■ DATA FOR THE TASK ■
......
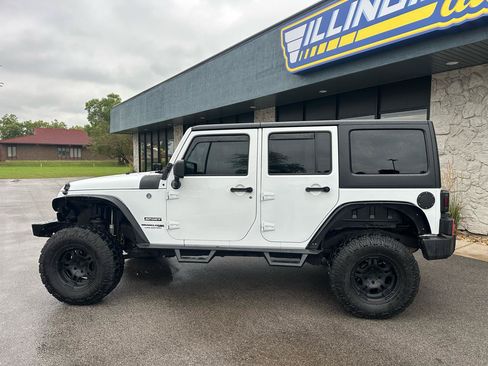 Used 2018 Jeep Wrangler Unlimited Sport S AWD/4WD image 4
......
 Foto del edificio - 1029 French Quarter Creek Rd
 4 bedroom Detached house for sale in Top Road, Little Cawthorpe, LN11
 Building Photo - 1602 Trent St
......
Return, with no change at all, every line in the entries above from the line containing "Foto del edificio" through the line containing "Building Photo - 1602 Trent St".

■ EXERCISE RESULT ■
 Foto del edificio - 1029 French Quarter Creek Rd
 4 bedroom Detached house for sale in Top Road, Little Cawthorpe, LN11
 Building Photo - 1602 Trent St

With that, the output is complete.